Columnist Tim Skubick doesn’t like term limits, and a recent column suggests he also may not appreciate lawmaker attempts to openly rein in the bloated spending habits of Michigan’s government universities:

Here’s where terms [sic] limits fits in. Years ago university honchos and house budget writers had what’s called a relationship. Sure, they had their disagreements, but an unseemly public back and forth, such as this, would have been worked out in the back room, not center stage.

Term limits prevent that because none of the lawmakers have been around long enough to mold that bond of trust.

Mr. Skubick is correct that such backroom deals were how higher education funding was done in the past. Here’s how I described the process in a 2006 Detroit News Op-Ed: “Currently, each university’s state funding is determined by what amounts to legislative mud-wrestling.
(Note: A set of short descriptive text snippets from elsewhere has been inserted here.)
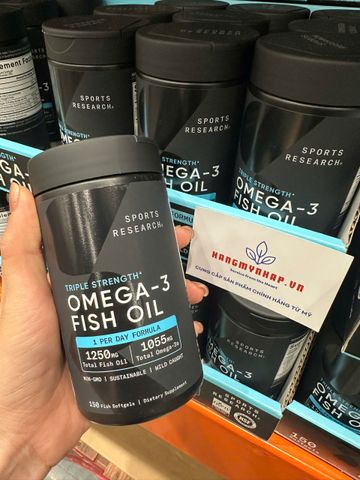 Dầu Cá Sports Research Triple Strength Omega 3 - 150 Viên EPA 690mg DHA 310mg - Hỗ Trợ Tim Mạch & Tăng Cường Sức Khỏe Não Bộ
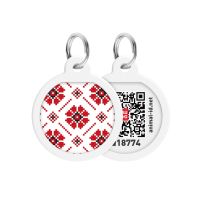 WAUDOG Украина Адресник для собак и кошек металлический WAUDOG Smart ID с QR паспортом, рисунок "Вышиванка", круг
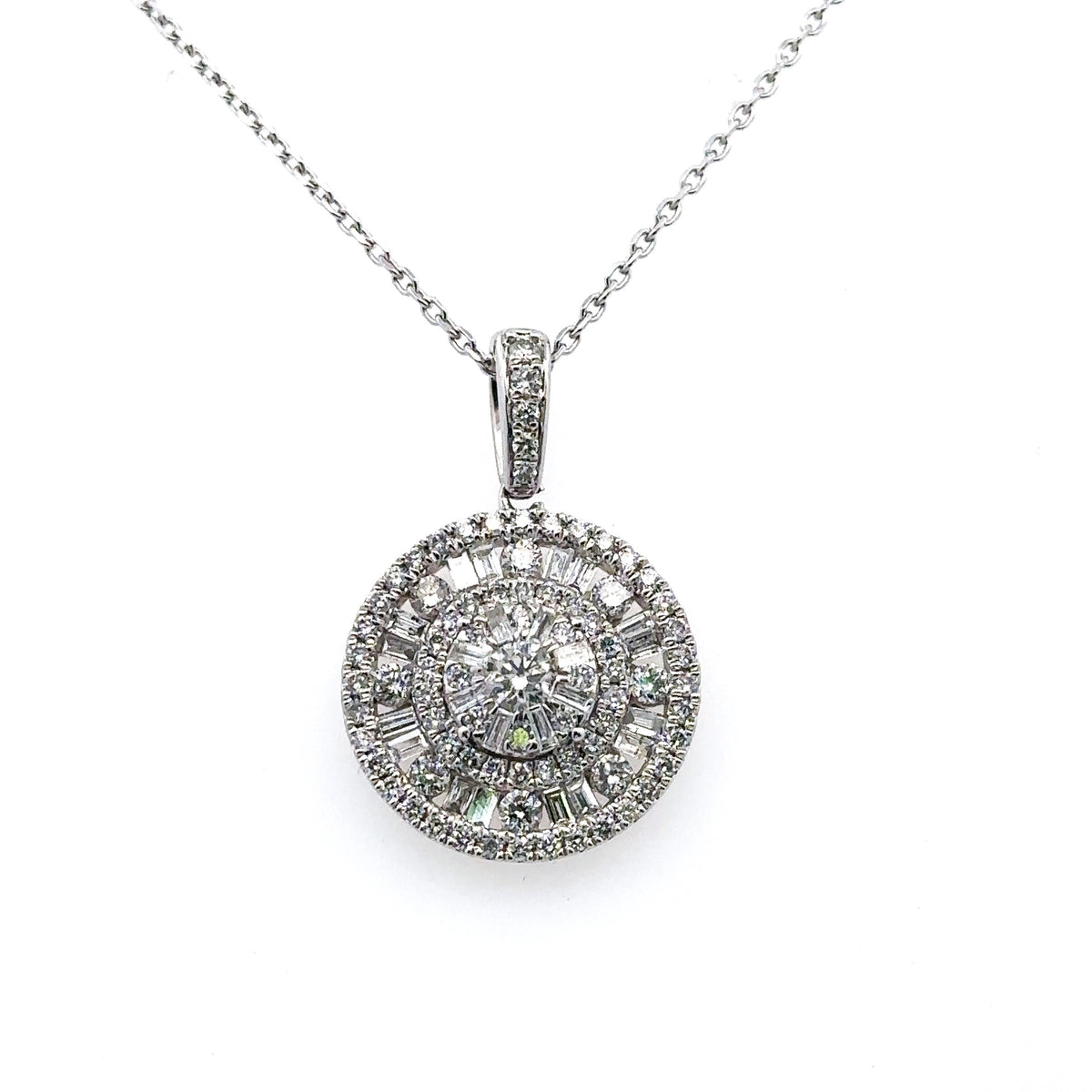 14k White Gold 1.30 Ct Diamond Pendant Necklace, 5.0gm, S16159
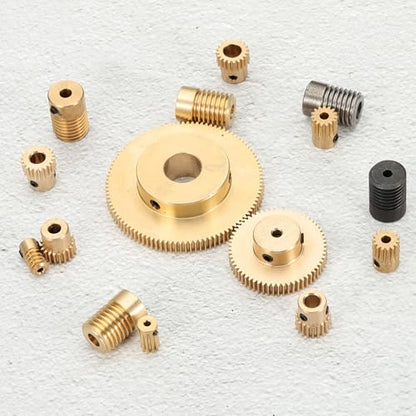 uxcell Worm Gear Set 100T 0.5 Module 100:1 Reduction Rate, Right Rotation Drive Gear Box Wheel Reduce Transmission Part (Brass Gear-12mm Bore, #45 Steel Rod 4mm Bore) - size: Gear-12mm, Rod-4mm Bore, style: 0.5M-100T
The colleges send their lobbyists into the appropriations pit, and each battles for a bigger piece of the pie.”

What Skubick left out was the unseemly outcome of this secret political class deal-making. I gave some details in the academic paper on which that Detroit News piece was based:

For example, it is not a coincidence that for many years Rep. Dominic Jacobetti of Negaunee in the Upper Peninsula dominated the pre-term limits appropriations process, and the fact that Northern Michigan University in Marquette receives from 22 percent to 106 percent more than every other “non-research” university, except for Michigan Tech, another school in the western Upper Peninsula. Similarly, while Sen. Joe Schwartz chaired the Senate Higher Education Appropriations subcommittee, his alma mater the University of Michigan did very well in garnering an outsized proportion of the budget. When the Detroit legislative delegation had more clout than it does today, and Rep. Morris Hood of Detroit chaired the House Higher Education Appropriations subcommittee, Wayne State saw its funding boosted. 

That paper and article proposed replacing these perverse outcomes with a system in which a fixed amount of state money follows the student, increasing the incentives for universities to contain costs and increase value by making them compete in the marketplace rather than the appropriations mud pit.

Incidentally, this concept recently got support from an unlikely source: a proposal by Democratic legislators to pay the college tuition of every Michigan student. My colleague Michael Van Beek, director of education policy at the Mackinac Center, explained the flaws in that part of the measure, but also praised some other aspects:

There are two redeeming characteristics of the Michigan2020 plan. Its estimated $1.8 billion price tag would apparently be paid for by cutting "corporate welfare" by 10 percent, and it essentially "voucherizes" state funding of higher education. Mackinac Center analysts have long-supported these two policies, as they reduce the unfair competitive advantage politically favored businesses and public universities enjoy through discriminatory tax breaks and appropriations-based funding.